By the end, the takeaway is pragmatic: Qwen 2.5 14B is strong for local, text-centric workflows (summarization, structured labeling, and general understanding), but long-document table extraction still appears to require substantially larger models—suggested as 72B-class or higher—for dependable accuracy. The tradeoff is clear: better nuance and classification at local scale, with extraction precision remaining the bottleneck for earnings-style documents.
Cornell Notes
Qwen 2.5 14B running locally via Ollama performs best on tasks that require reading, interpreting, and producing structured text—like sentiment/topic labeling and narrative summarization. In comparisons with Llama 3.2 3B, Qwen 2.5 produced more nuanced summaries and more plausible labels, with tweet labeling taking about ~5 seconds per tweet. However, both models struggled when asked to answer grounded questions from long Meta earnings materials and to generate accurate tables from specific PDF table fields. The results suggest that local 14B models are currently better suited to understanding and classification than to precise table extraction from lengthy financial documents.

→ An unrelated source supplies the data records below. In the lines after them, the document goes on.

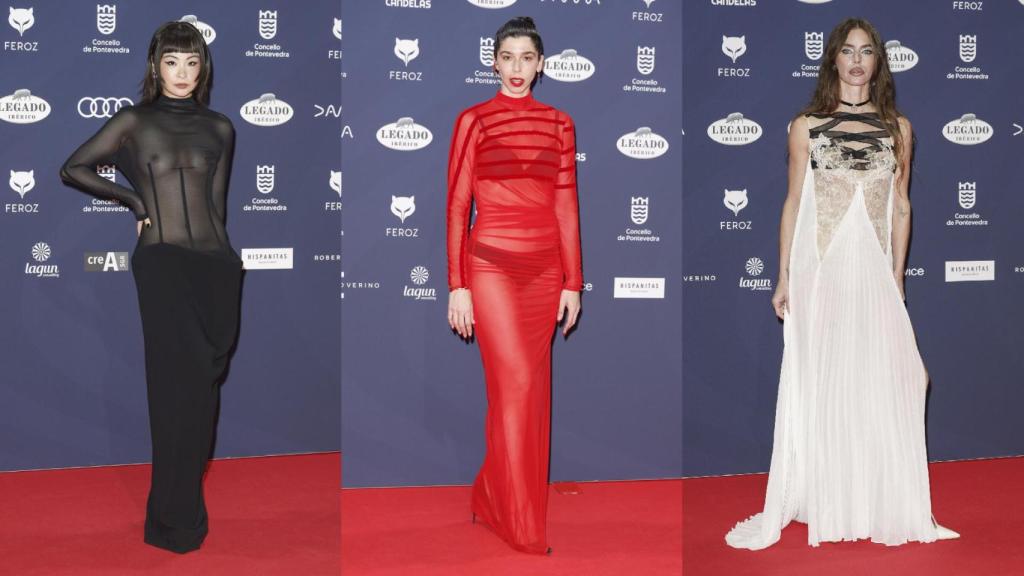 Chacha Huang, Julia de Castro y Minerva Portillo, en la alfombra roja de los Premios.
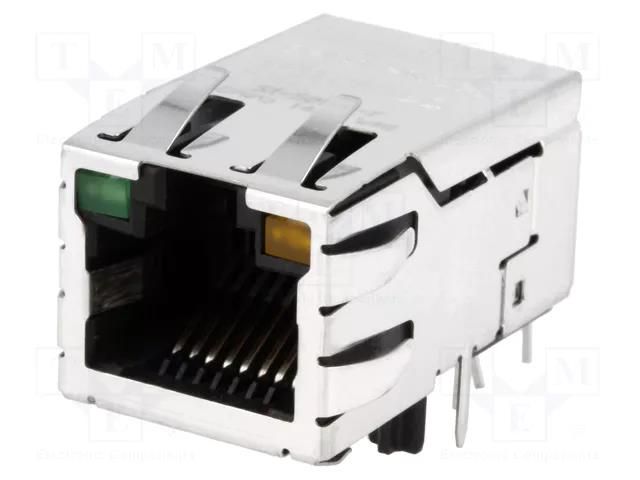 Connector: RJ45; socket; PIN: 8; shielded,PoE,with LED; 8p8c; THT BEL FUSE SI-52008-F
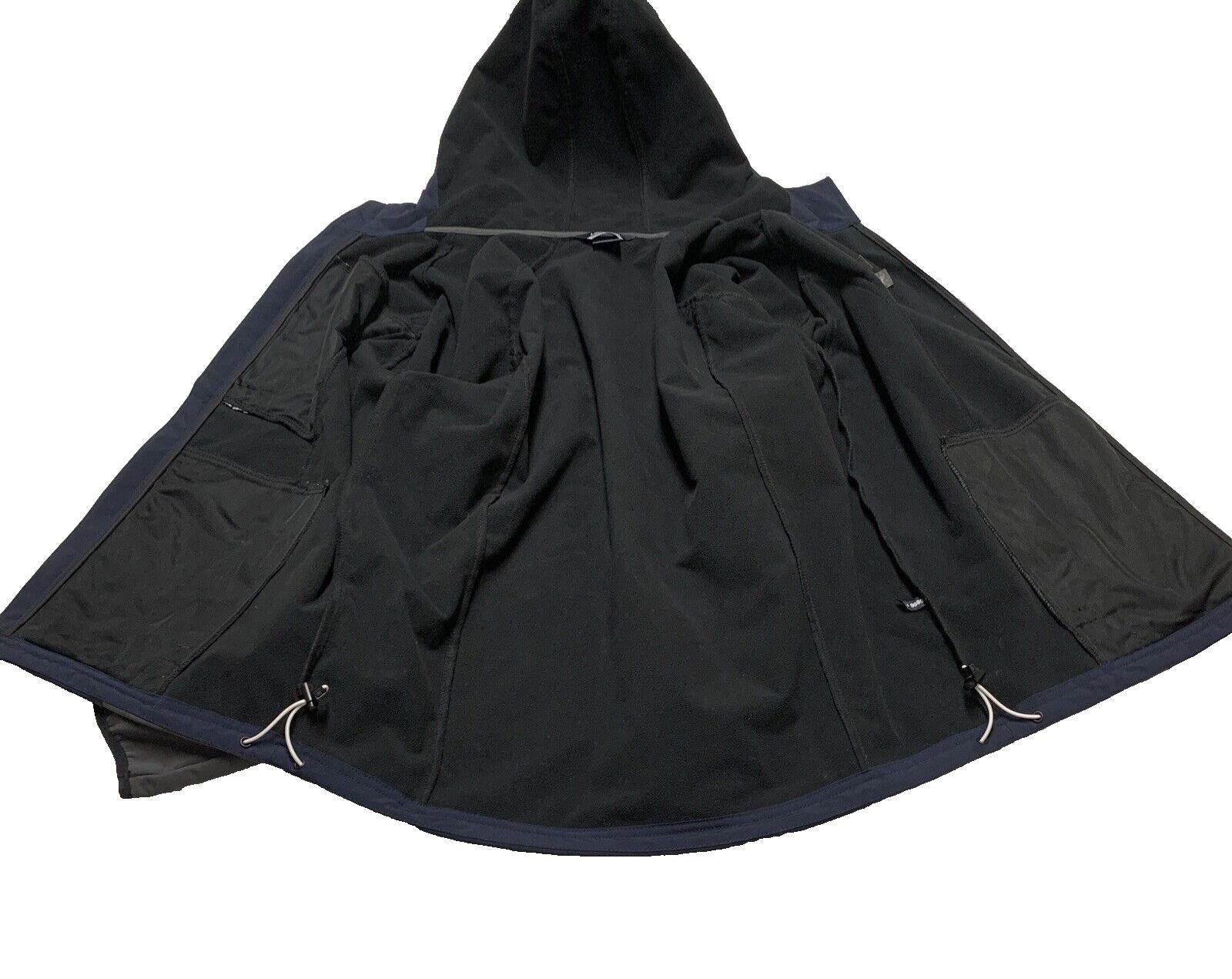 Chaqueta de golf Landway para hombre, con capucha, forro polar, cierre completo y caparazón blando, color azul marino/gris, talla mediana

How does Qwen 2.5 14B perform on “generate code / structured output” tasks compared with Llama 3.2 3B?
What was the strongest area for Qwen 2.5 14B in the evaluation?
How did Qwen 2.5 14B handle summarization of Meta’s Q1 2024 reporting text?
Where did both models fail most clearly?
What practical conclusion did the tester draw about local model size?
Review Questions
- In the tweet-labeling task, which label categories were requested, and what kinds of topics did Qwen 2.5 assign more convincingly than Llama 3.2?
- What evidence from the Meta earnings tests indicates that both models struggled with grounding answers in document text?
- Why might Qwen 2.5 excel at summarization and labeling while still failing at precise table extraction?
Key Points
- 1
Run Qwen 2.5 14B locally by using Ollama with an Ollama server and a client (e.g., a Jupyter notebook) that sends prompts requesting either JSON or text output.
- 2
Qwen 2.5 14B produced code that generally followed the requested dataset structure, but numeric realism and sorting logic still showed occasional mismatches.
- 3
Tweet sentiment/topic labeling was Qwen 2.5’s standout performance area, with outputs judged more aligned to tweet intent than Llama 3.2 3B.
- 4
Qwen 2.5 generated more nuanced, better-formatted summaries of Meta Q1 2024 reporting text than Llama 3.2, including multiple financial figures.
- 5
Both Qwen 2.5 14B and Llama 3.2 struggled with grounded Q&A from long PDFs, sometimes returning answers not supported by the provided text.
- 6
Both models also produced incorrect or malformed tables when asked to extract specific table fields from the Meta earnings document.
- 7
For reliable table extraction from long earnings-style documents, the results point toward using substantially larger models (around 72B-class or higher).